La diplomatie demeure notre moyen de prédilection pour changer la conduite de la Corée du Nord, mais des options militaires viennent s’y ajouter. Les alliances des États-Unis avec la Corée du Sud et le Japon sont fortes. Mais Pyongyang a constamment repoussé les tentatives de Séoul de créer les conditions favorables à un dialogue pacifique, choisissant plutôt de poursuivre sa conduite irresponsable de menace et de provocation. En réponse à ces dangers, le nouveau gouvernement de la Corée du Sud a décidé d’adopter le déploiement du système de défense de zone de théâtre à haute altitude (THAAD) des États-Unis contre la menace. Nous saluons la décision de la Corée du Sud de déployer cette capacité purement défensive.

L’installation de lanceurs THAAD dans la péninsule coréenne et la réalisation de manœuvres militaires conjointes sont autant de préparatifs défensifs contre la menace aiguë d’actions militaires dirigées contre les États-Unis, nos alliés et d’autres nations. La demande de la Chine envers les États-Unis et la Corée du Sud de ne pas déployer le THAAD est irréaliste. Les militaires de l’armée chinoise qui s’y connaissent en technologie savent que le système ne comporte aucun danger pour leur patrie.

En l’absence d’une Chine utilisant son influence pour montrer au monde la manière dont une grande puissance devrait agir pour résoudre un problème aussi bien défini que celui de la poursuite par la Corée du Nord d’armes nucléaires et de capacités antimissiles à longue distance, d’autres dans la région sont tenus de mettre en place des mesures défensives par prudence, pour assurer la protection de leur population. Le vote du Conseil de sécurité de la Chine a été un pas dans la bonne direction. La région et le monde ont besoin et attendent de la Chine qu’elle en fasse davantage.

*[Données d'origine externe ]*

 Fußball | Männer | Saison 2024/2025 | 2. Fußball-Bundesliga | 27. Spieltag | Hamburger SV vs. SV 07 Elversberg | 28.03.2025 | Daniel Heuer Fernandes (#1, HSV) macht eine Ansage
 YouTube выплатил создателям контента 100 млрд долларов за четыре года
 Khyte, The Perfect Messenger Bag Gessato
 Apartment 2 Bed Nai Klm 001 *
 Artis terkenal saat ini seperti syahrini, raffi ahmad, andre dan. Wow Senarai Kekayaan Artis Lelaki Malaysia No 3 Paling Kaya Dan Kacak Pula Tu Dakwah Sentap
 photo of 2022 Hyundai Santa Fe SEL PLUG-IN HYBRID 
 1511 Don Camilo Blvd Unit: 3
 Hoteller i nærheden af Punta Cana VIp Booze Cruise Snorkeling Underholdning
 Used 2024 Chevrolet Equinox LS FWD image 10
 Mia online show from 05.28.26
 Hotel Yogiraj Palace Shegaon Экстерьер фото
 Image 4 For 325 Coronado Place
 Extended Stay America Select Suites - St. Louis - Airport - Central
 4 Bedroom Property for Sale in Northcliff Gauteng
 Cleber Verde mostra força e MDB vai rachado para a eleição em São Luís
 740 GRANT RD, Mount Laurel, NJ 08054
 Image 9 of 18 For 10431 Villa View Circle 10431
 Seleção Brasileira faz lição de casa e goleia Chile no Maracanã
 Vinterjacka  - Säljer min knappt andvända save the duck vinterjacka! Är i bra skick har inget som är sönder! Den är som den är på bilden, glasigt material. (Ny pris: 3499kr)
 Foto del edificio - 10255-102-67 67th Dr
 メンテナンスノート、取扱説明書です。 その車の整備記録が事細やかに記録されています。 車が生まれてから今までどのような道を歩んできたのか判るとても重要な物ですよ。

Les États-Unis sont disposés à négocier avec Pyongyang. Mais au vu des antécédents de malhonnêteté dans les négociations et les violations répétées d’accords internationaux par la Corée du Nord, il incombe au régime de signaler sa volonté de négocier de bonne foi. Une indication sincère serait la cessation immédiate de ses menaces provocatrices, de ses essais nucléaires, de ses tirs de missiles et de ses autres tests d’armement.

Les États-Unis continueront à travailler avec leurs alliés et partenaires pour approfondir la coopération diplomatique et militaire et pour veiller à ce que les nations s’en tiennent à leurs engagements d’isoler le régime. Cela inclura une application rigoureuse des sanctions, ne laissant aucune source de revenu nord-coréenne intacte. Les États-Unis continueront notamment à demander à la Chine et à la Russie de s’engager à ne pas fournir au régime de planches de salut économiques et à le persuader d’abandonner la voie dangereuse qu’il a empruntée.

Comme toujours, nous embrasserons une préparation militaire pour défendre notre patrie, nos citoyens et nos alliés et pour assurer la préservation de la stabilité et de la sécurité en Asie du Nord-Est. Et nous le répétons ici : toute attaque mènera à une défaite, et toute utilisation d’armes nucléaires sera suivie d’une réponse efficace et écrasante.

La Corée du Nord est maintenant confrontée à un choix. Emprunter une nouvelle voie vers la paix, la prospérité et l’acceptation internationale, ou s’avancer davantage dans la voie sans issue de la belligérance, de la pauvreté et de l’isolement. Les États-Unis aspireront et travailleront à la réalisation de cette première solution, et resteront vigilants face à la deuxième.

Nous vous proposons cette traduction à titre gracieux. Seul le texte original en anglais fait foi.